Después de la expulsión de Mónica (una revancha),
Alejandro y Carla compitieron por el paso al Consejo (recolectando maderitas
encima de una red) y ganó la cosmiatra, pero daba lo mismo,
según dijo. Lo importante era que quedara en nuestro equipo.
Como sus compañeros del norte, Carla defendió siempre esa
pertenencia al subgrupo, como legitimación de maniobras non sanctas.
Yo doy la vida por mi gente, se siguen justificando, ya víctimas
de la condena pública, tanto Mónica como Alejandro y la
misma finalista. Lo que los otros (Carlos, Javier, la arrepentida Marianela)
observaron como un signo de malicia, un ejemplo de la suciedad en
la isla (como dijo Pablo), fue defendido por la alianza como un
rasgo de virtud. Mis amigos saben que pueden contar conmigo,
destacó Alejandro.
Pero Carla, en la soledad de una noche junto a la princesa virtuosa, antes
del final, pudo redimirse. Aun los villanos, según convenció
este Robinson al público, tienen chances de amar, y las dos terminaron
en un abrazo.

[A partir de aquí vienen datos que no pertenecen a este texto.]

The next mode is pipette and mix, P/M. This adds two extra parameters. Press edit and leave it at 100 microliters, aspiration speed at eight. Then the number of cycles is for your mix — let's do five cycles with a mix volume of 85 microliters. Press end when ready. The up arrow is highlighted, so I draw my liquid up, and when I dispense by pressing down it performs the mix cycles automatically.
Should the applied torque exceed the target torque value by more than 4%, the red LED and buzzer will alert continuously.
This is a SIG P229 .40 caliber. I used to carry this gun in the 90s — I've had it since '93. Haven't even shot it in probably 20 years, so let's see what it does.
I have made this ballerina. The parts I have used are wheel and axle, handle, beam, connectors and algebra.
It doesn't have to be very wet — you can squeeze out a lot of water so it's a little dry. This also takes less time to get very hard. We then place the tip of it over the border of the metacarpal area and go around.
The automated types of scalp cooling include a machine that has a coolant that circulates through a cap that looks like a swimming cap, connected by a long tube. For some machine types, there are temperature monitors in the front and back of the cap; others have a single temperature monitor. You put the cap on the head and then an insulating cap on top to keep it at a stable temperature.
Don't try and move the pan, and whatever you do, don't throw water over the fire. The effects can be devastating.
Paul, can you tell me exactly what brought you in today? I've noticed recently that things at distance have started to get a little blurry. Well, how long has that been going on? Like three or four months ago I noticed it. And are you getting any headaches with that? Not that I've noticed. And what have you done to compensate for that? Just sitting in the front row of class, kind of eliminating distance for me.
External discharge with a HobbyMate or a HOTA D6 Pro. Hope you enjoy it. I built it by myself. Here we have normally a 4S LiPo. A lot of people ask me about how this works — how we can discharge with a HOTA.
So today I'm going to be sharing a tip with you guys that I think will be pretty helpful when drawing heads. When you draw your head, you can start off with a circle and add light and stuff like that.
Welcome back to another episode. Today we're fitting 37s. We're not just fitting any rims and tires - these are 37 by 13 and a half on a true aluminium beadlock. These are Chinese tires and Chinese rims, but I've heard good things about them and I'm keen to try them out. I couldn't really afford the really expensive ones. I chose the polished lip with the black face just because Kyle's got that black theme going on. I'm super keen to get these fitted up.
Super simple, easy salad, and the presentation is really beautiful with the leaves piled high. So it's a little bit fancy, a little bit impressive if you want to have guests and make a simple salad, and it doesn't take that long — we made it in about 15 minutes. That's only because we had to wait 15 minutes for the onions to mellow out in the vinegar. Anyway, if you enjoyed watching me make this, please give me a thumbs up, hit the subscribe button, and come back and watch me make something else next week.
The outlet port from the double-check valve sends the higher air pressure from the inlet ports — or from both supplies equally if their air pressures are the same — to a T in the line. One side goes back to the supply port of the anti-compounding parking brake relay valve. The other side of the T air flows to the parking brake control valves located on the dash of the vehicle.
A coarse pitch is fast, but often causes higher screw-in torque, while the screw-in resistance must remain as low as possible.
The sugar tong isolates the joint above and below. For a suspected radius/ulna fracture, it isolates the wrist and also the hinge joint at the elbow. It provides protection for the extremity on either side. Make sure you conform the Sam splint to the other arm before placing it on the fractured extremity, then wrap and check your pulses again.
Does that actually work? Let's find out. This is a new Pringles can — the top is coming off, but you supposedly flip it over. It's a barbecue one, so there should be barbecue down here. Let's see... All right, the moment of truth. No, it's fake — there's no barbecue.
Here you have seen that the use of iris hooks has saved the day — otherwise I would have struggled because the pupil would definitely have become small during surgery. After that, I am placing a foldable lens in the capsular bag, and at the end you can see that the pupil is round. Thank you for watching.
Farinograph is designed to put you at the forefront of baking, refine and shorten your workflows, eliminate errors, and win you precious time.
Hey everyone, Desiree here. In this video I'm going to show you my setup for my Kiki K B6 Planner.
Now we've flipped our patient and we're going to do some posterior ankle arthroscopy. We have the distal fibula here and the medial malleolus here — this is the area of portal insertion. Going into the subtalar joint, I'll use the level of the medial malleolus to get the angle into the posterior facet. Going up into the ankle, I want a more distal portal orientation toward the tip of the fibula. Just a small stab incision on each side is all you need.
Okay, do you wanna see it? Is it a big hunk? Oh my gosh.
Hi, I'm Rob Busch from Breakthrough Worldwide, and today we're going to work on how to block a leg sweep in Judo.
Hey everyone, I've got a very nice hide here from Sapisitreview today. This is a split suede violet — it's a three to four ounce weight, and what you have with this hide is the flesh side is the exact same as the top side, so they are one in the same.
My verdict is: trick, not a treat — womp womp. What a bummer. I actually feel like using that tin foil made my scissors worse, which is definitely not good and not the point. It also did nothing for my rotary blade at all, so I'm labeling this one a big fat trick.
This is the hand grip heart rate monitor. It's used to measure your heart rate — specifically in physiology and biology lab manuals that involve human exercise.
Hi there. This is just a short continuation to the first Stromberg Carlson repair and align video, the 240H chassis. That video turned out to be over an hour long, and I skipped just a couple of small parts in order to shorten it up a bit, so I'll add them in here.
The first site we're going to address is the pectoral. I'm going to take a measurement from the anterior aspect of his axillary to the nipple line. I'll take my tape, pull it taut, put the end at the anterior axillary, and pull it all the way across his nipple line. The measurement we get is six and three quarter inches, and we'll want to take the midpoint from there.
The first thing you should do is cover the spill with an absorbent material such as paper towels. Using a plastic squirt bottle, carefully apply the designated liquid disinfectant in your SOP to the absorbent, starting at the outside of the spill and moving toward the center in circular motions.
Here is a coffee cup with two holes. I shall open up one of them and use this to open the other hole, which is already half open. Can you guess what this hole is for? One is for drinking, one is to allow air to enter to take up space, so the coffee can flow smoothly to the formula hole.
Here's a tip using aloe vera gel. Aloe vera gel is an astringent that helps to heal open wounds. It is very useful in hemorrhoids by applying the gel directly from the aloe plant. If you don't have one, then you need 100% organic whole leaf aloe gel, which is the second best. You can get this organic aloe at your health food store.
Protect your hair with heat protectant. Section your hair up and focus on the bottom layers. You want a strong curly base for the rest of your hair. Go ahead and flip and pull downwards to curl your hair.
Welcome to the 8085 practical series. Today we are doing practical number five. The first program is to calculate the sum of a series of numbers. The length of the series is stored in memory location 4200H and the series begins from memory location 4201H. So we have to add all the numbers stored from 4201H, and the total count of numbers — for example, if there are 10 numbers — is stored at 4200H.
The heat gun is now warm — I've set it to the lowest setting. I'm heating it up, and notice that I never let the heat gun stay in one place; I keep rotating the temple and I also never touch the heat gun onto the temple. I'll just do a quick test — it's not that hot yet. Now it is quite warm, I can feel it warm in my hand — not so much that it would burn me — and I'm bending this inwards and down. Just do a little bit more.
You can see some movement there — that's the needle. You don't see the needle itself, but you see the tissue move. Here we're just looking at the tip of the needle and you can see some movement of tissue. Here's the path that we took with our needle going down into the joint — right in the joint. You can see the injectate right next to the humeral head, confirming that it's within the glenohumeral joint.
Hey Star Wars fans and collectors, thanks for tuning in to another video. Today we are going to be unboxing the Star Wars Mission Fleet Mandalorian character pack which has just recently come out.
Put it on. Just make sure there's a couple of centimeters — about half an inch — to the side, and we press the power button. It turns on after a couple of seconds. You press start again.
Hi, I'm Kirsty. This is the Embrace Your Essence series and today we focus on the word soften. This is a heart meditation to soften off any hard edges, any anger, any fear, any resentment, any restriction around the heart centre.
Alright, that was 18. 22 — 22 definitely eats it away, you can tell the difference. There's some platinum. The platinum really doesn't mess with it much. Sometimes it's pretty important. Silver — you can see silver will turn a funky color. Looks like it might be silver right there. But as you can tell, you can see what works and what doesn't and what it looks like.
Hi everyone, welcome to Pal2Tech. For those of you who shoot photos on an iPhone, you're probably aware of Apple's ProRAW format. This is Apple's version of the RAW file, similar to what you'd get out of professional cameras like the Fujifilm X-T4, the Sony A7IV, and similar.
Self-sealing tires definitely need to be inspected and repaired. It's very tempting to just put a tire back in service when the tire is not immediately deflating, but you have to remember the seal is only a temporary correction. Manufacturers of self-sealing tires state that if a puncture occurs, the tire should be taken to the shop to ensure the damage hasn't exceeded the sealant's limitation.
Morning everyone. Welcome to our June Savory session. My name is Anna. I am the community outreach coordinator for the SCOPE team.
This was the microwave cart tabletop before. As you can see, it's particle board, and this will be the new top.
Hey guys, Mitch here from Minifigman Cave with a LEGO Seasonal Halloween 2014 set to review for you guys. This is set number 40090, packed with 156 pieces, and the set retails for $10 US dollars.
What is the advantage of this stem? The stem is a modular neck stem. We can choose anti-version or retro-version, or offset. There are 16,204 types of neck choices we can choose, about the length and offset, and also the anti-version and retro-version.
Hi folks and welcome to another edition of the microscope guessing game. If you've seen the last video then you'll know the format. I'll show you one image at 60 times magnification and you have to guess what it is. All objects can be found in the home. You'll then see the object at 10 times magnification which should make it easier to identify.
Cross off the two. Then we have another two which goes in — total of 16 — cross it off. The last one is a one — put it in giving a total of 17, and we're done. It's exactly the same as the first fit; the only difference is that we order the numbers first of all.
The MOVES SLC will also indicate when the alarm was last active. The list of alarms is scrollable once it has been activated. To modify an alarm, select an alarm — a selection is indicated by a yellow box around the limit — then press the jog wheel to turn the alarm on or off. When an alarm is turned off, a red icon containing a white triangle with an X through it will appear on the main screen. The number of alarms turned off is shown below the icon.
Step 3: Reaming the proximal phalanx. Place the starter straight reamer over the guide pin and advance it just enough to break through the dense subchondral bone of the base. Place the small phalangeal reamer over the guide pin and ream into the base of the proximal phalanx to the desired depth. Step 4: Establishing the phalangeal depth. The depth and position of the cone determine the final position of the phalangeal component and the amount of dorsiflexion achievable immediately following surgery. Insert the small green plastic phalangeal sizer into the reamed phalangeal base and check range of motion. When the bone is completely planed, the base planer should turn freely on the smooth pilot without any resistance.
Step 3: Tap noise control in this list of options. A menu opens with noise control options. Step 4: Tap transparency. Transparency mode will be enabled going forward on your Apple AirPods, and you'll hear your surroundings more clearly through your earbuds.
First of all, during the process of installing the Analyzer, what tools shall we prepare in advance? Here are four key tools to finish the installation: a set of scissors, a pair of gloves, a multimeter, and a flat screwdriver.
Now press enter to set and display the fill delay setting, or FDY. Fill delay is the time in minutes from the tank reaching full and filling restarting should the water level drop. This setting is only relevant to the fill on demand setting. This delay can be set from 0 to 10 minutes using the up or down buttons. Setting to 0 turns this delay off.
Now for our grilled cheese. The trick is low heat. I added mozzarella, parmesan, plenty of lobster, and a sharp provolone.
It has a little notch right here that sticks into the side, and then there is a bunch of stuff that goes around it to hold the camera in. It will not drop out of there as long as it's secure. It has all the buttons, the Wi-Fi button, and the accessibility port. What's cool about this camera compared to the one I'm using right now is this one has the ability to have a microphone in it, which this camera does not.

Fue la mejor noche en la isla, definió
Vick, reconciliada. Llegamos a conocernos a fondo.
El Consejo recuperó, en los últimos minutos, la tensión
que faltaba a un desenlace sin intriga. Llegaron los últimos siete
participantes y los bandos enfrentados se cruzaron miradas dignas del
culebrón peor actuado.
Mónica, lánguida, se sentó lejos y defendió
a la alianza como el grupo de los que se quieren bien. Alejandro echó
más leña al fuego y dio su voto a Carla, porque siempre
estuvo de su lado y ayudó a sus íntimos incondicionalmente.
La ira (la de Carlos, Javier, Pablo) iba en aumento. Cuando llegaron,
sus alegatos fueron belicosos. Se hará justicia, exageró
Pablo. No se puede engañar a todos por todo el tiempo,
agregó Carlos. Fue el pico de emoción de la segunda parte
de esta saga: un final cantado que antepuso una lección moral al
interés por la trama, traducible como Todavía es posible.
Entonces, Vick se llevó su Robinson, abrazó a la rival,
lloró una vez más y todos quedaron contentos, incluso una
parte de la alianza del mal, muy diplomática tras la
resignación. Sólo una mujer se mantuvo al margen de los
festejos, con vocación estelar, consagrándose en su papel
de viuda negra. Enojadísima por el triunfo de la inútil,
Mónica esperó a un costado y se negó a felicitar
a la triunfadora, aun cuando se lo pidieron sus amigos. La fábula
fue coronada por una villana que esquivó otras miradas, cruzó
los brazos, representó con excelencia su a-mí-dejame-tranquila.
Y aportó, entonces, su lección añadida, sólo
apta para continuaciones de la saga: nunca olviden que el peligro acecha.